I felt instant shame and embarrassment. Pride turned depression in 0 point 3 seconds flat. I deleted the post immediately (along with the one nice comment from someone else that I didn't allow myself to acknowledge). It took the rest of the week to get back to feeling happy again. Every time I thought about going back to that hobby, all I could think of was "boobies lol" and didn't feel like practicing anymore. I felt like a dumb bimbo without a brain who only wanted to show off her boobies. (That's not really me. I have tiny boobs. It's rare that I feel awesome about my boobs. Really. )

I know no one meant the comments to be mean or condescending, and they weren't saying it to judge, but it still derailed from the point of the post. They saw the pic in a different perspective I did. What they said/posted within 30 seconds affected me for days. Would it have gone differently if they had waited 5 minutes to think about their words before saying them? Probably not. They probably would have said the same thing anyways because they don't own boobs and wouldn't understand how I was feeling about the pic. I thought it was a neat picture angle... they thought I was showing off my boobs. In the moment, it was both really, but it wasn't the direction I thought the comments would go. Naive little me.

But do NOT feel sorry for me. Live and learn, and what not. And this is what I learned... I know I've done this to others. I've seen the selfie pic and jokingly posted "holy boobs batman!" to be funny. I did it in seconds without thinking before I hit the post/send button. Thinking back, I now feel like giant bag of dicks. 

Our reactions are instantaneous these days. THEY SHOULDN'T BE. 

Our fingers should not be conditioned to hit enter without re-reading what we are about to put out in the world. We aren't just typing a class paper that we plan to edit before sending to the teacher. We are writing things that NEVER get an 'edit stage' before the entire world sees them. And that's not right. Our communication patterns, as a world, are changing because of the ease of technology. But MANNERS should never change, and unfortunately those are being forgotten in a society full of instant gratification. 

This is not a story about the right/wrong way to respond to a post. Every situation is different. It's simply a reminder to practice saying your words to YOURSELF before you release them onto others. We aren't always going to know how someone else would react, but if it makes you feel bad thinking about someone else saying it to you... well then you know you need to just keep your mouth shut and not say it to someone else. 

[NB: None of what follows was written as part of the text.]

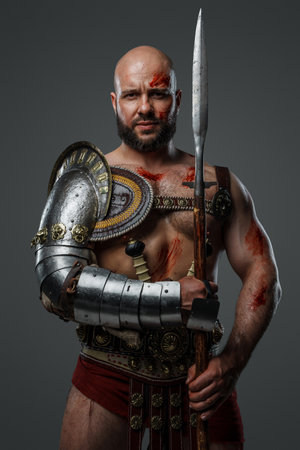 Bearded ancient gladiator with long spear against grey background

But does it make them feel AWESOME? Go for it.


HOMEWORK: 

Comment something positive on someone else's post. ONLY positive. Bonus points if you do it on a post that makes you eyeroll the first time you look at it. Remember, not every single post has to do with someone trying to find gratification and validation to replace the hole in their heart. They might just be posting it cause they thought it was a cool pic. BE SUPPORTIVE.